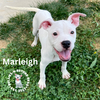 adoptable Dog in  named Marleigh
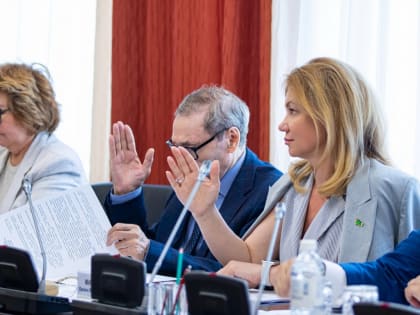 Оксана Михеева: «Обсудили вопросы повестки дня заседания Комитета по социальному развитию»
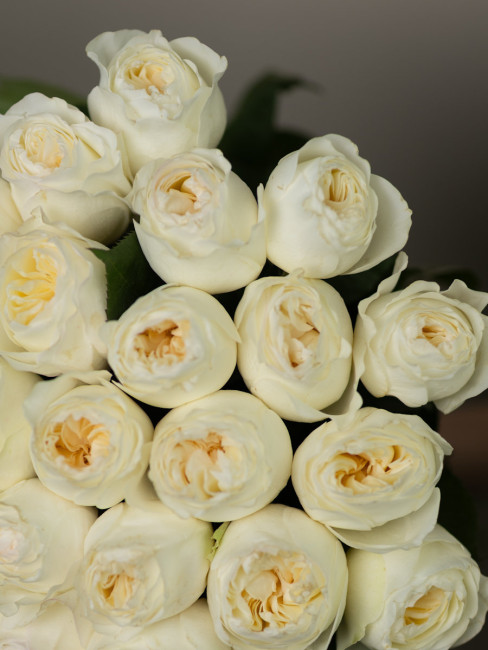 25 роз Аврора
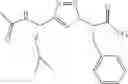 Fig. 28 - Methods for preparing nonpeptidic oligomers from amino acids
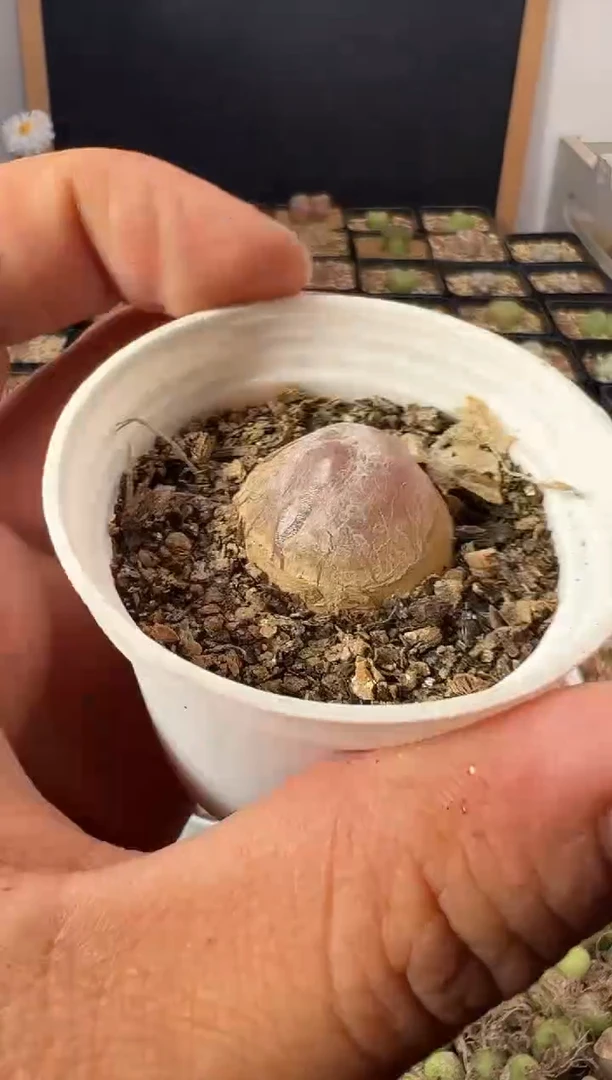一物一拍          15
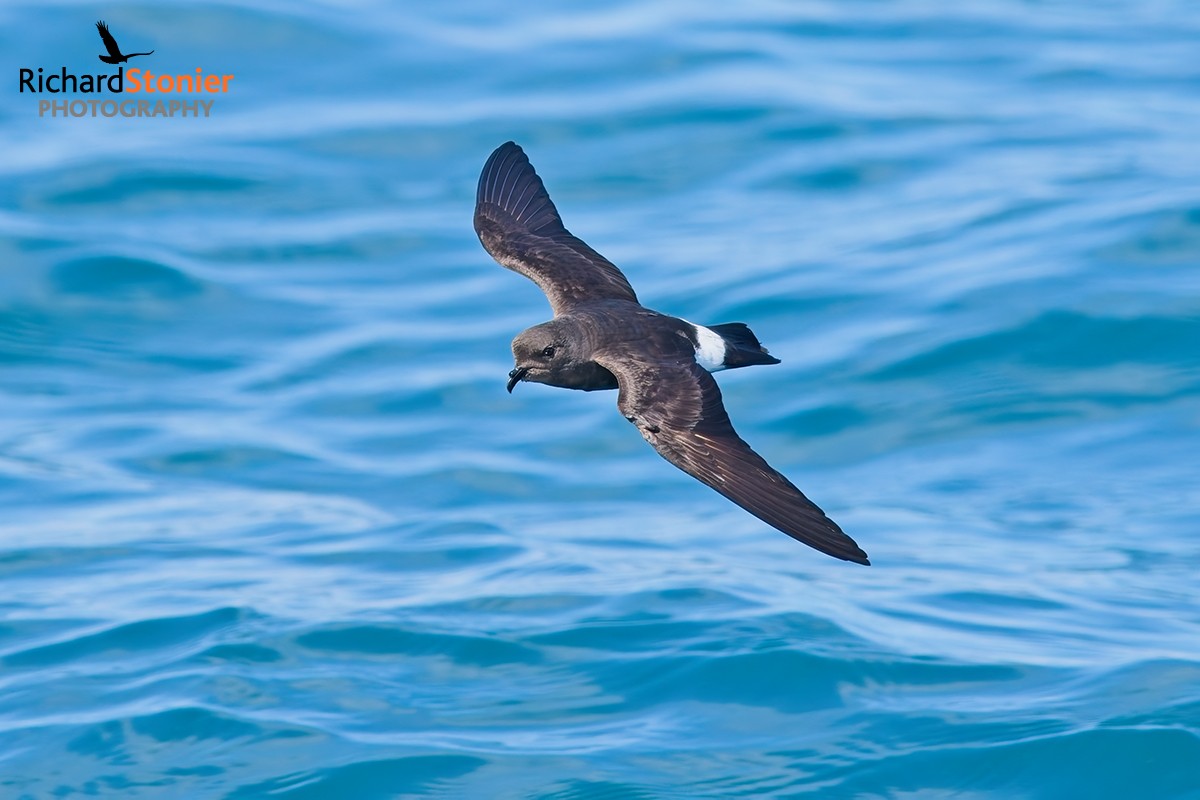 Storm Petrel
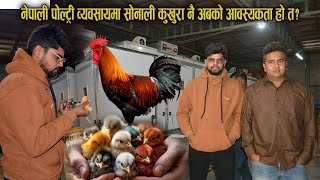 Download lagu नेपाली पोल्ट्री ब्यवसायमा सोनाली कुखुरा नै अबको आवस्यकता हो त ? poultry farm tips - sonali farming mp3
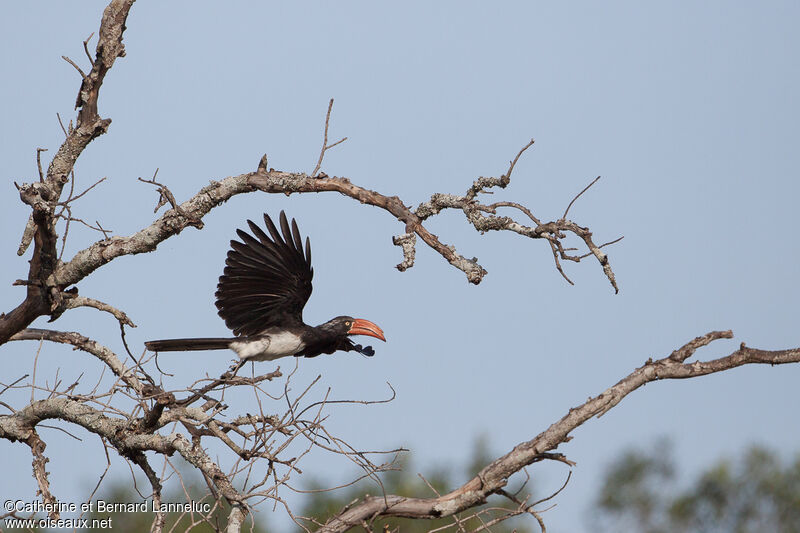 Crowned Hornbilladult, Flight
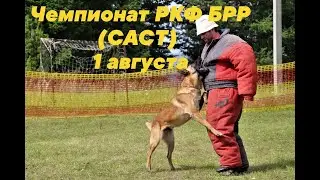 БРР 1 августа 2021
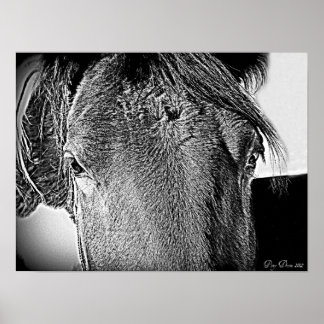 Poster Uma bela visão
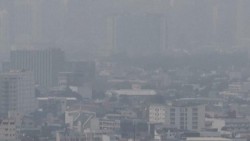 Asap Karhutla Kalimantan Tembus Filipina, Pakar Ungkap Peran Angin dan El Nino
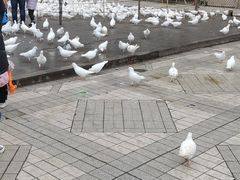 -绵阳人民公园(涪城区)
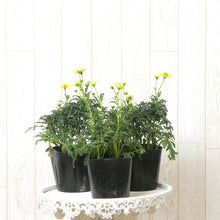 画像をギャラリービューアに読み込む, 【予約商品:10/1発送】ウィンターコスモス 3ポットセット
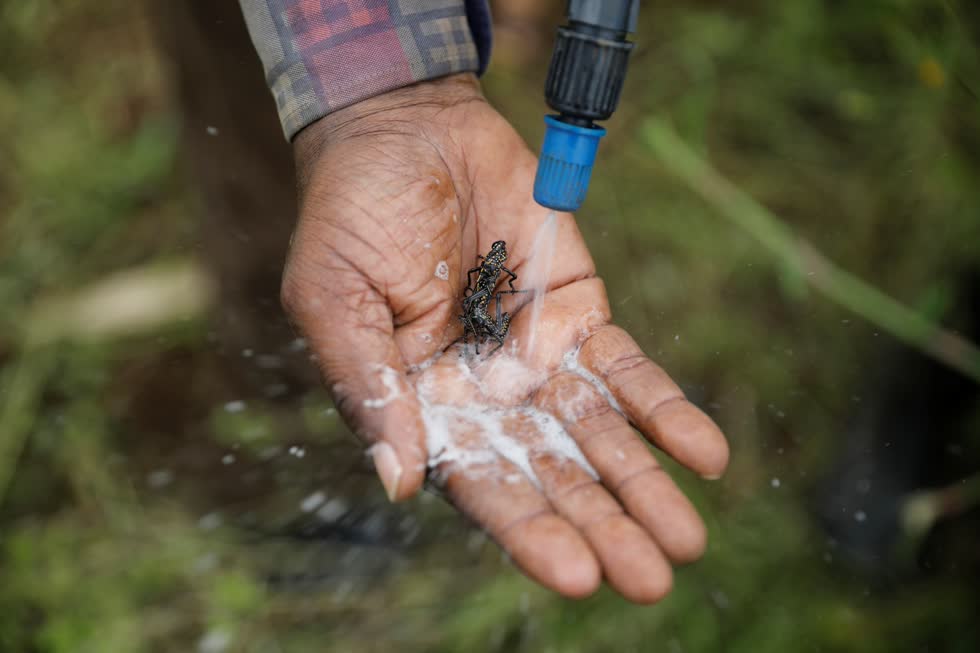Một người đàn ông phun thuốc trừ sâu hữu cơ lên cơ thể châu chấu để chứng minh tính hiệu quả của nó trong việc chống kai5 sự lây lancua3 chúng gần ngôi làng Riandira ở hạt Kirinyaga, Kenya. Ảnh: Reuters.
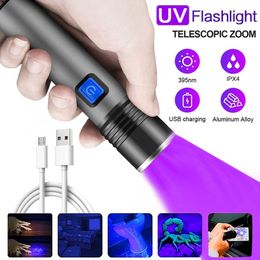 Lampes de poche torches E5 rechargeable LED lampe de poche UV torche ultraviolette Zoomable Mini 395nm UV lumière noire détecteur de taches d'urine pour animaux de compagnie Scorpion chasse P230517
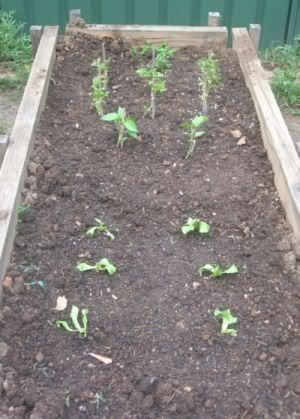 vegies2.jpg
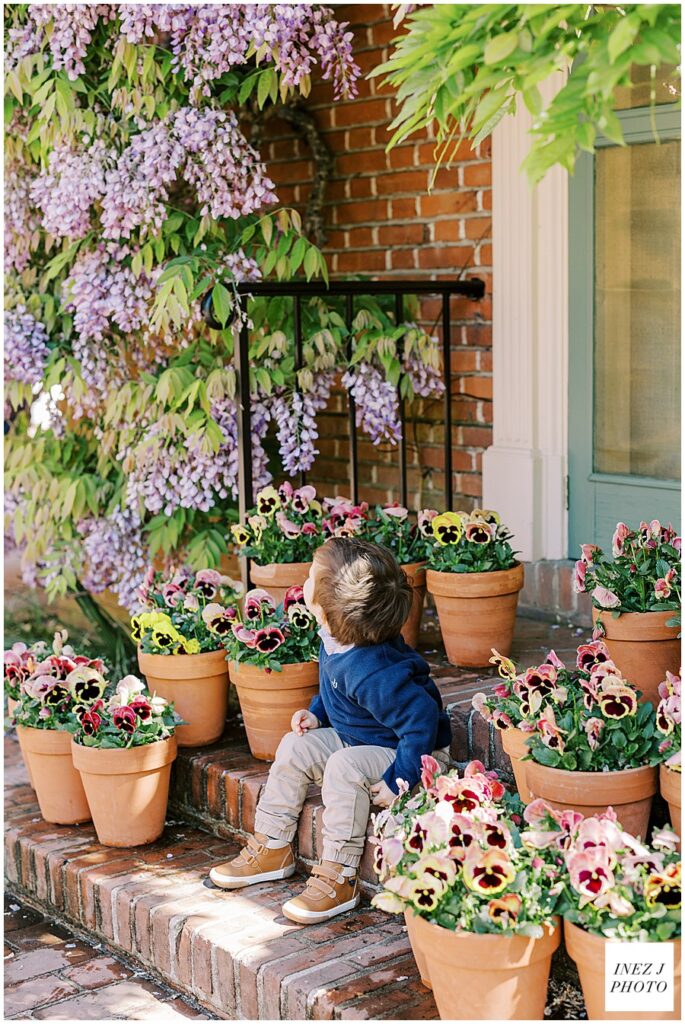 toddler with flowers at Filoli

* _PROBLEM TO SOLVE_:
Any picture in the listing is to be omitted. Return exactly the lines from the one containing "Asap Karhutla Kalimantan" through its last line, both included, and only those.

* _SOLUTION TO THIS TASK_:
 Asap Karhutla Kalimantan Tembus Filipina, Pakar Ungkap Peran Angin dan El Nino
 -绵阳人民公园(涪城区)
 画像をギャラリービューアに読み込む, 【予約商品:10/1発送】ウィンターコスモス 3ポットセット
Một người đàn ông phun thuốc trừ sâu hữu cơ lên cơ thể châu chấu để chứng minh tính hiệu quả của nó trong việc chống kai5 sự lây lancua3 chúng gần ngôi làng Riandira ở hạt Kirinyaga, Kenya. Ảnh: Reuters.
 Lampes de poche torches E5 rechargeable LED lampe de poche UV torche ultraviolette Zoomable Mini 395nm UV lumière noire détecteur de taches d'urine pour animaux de compagnie Scorpion chasse P230517
 vegies2.jpg
 toddler with flowers at Filoli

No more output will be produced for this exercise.